What this task involves:
Would you print the listing that follows exactly, but without its pictures?

Data:
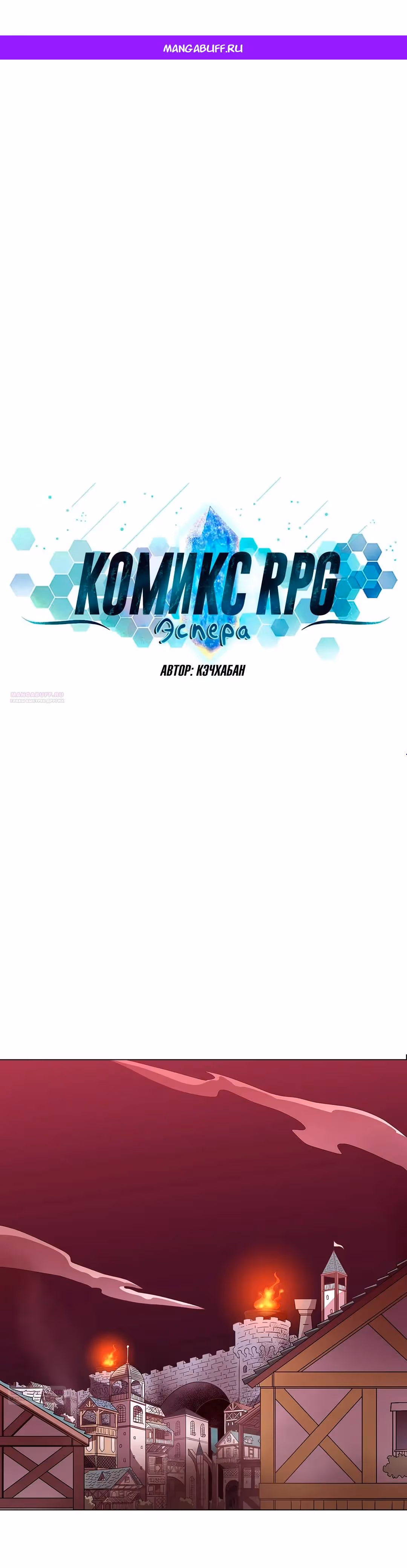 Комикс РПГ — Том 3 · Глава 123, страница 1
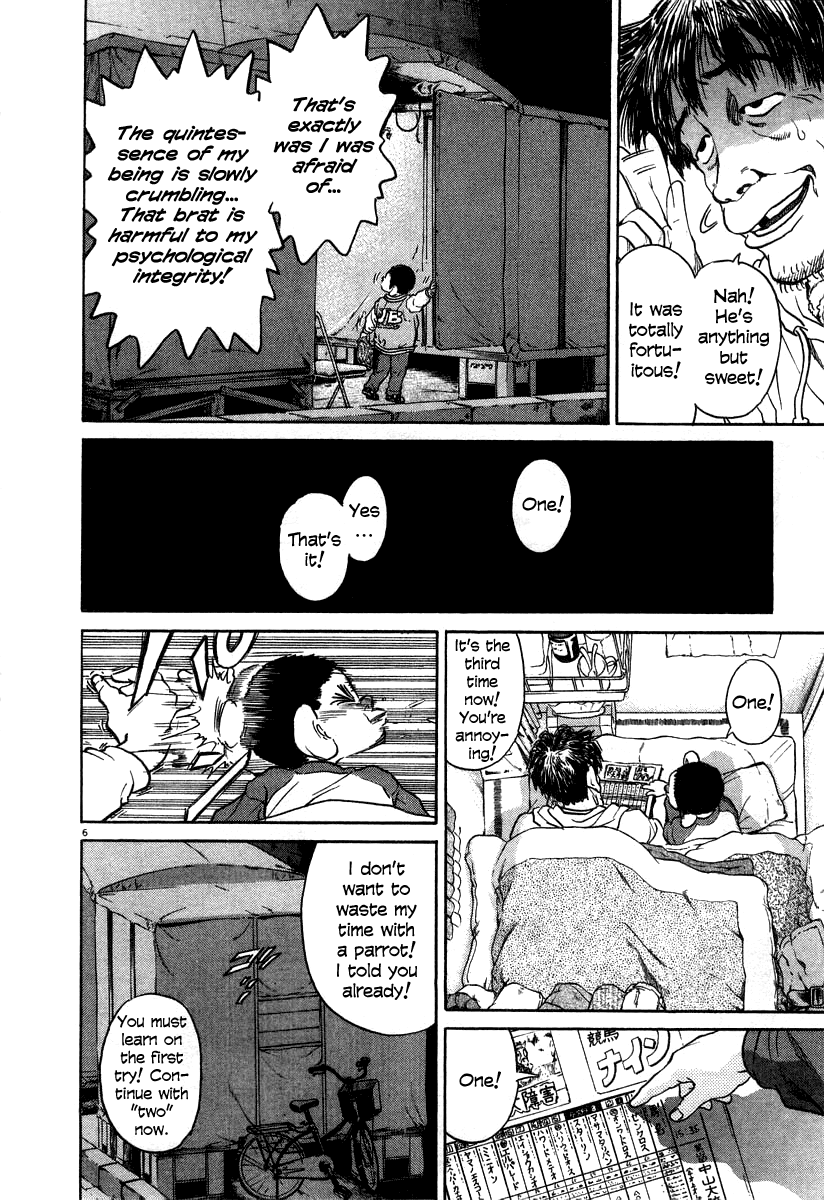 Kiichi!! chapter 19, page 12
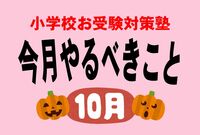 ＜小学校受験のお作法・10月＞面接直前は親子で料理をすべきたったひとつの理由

Response box:
 Комикс РПГ — Том 3 · Глава 123, страница 1
 Kiichi!! chapter 19, page 12
 ＜小学校受験のお作法・10月＞面接直前は親子で料理をすべきたったひとつの理由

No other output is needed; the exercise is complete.